**What is needed**
Go to the line holding "难忘的一件事作文400字" in the data below and repeat it exactly, then each line after it up to and including the one holding "you there wi". Omit pictures.

**Exercise inputs**
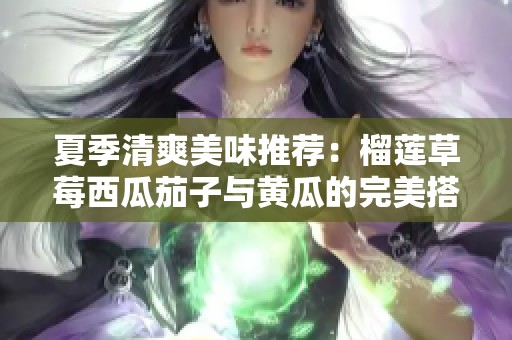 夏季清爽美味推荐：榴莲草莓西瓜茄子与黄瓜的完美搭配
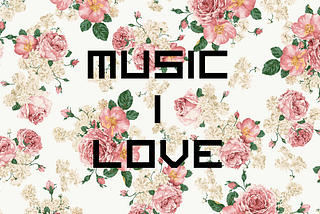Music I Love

---

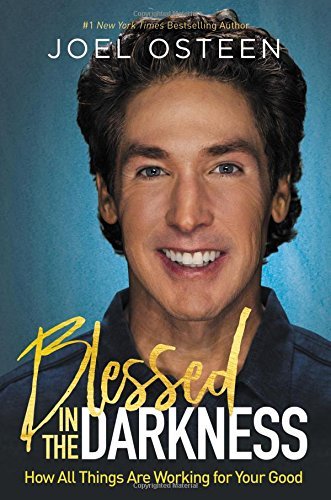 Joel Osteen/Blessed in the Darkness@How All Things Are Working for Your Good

---

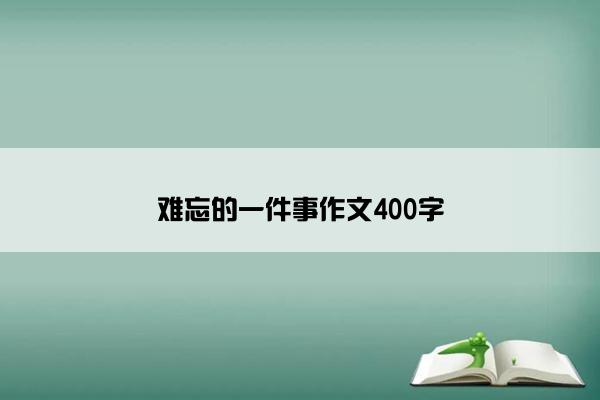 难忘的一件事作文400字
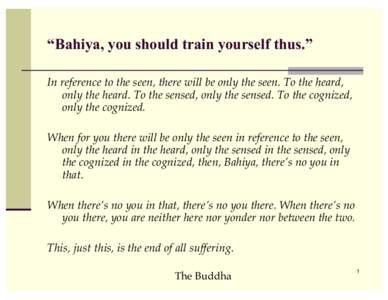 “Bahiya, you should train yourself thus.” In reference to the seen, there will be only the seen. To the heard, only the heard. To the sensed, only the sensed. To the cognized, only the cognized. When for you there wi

**Result for this task**
 难忘的一件事作文400字
 “Bahiya, you should train yourself thus.” In reference to the seen, there will be only the seen. To the heard, only the heard. To the sensed, only the sensed. To the cognized, only the cognized. When for you there wi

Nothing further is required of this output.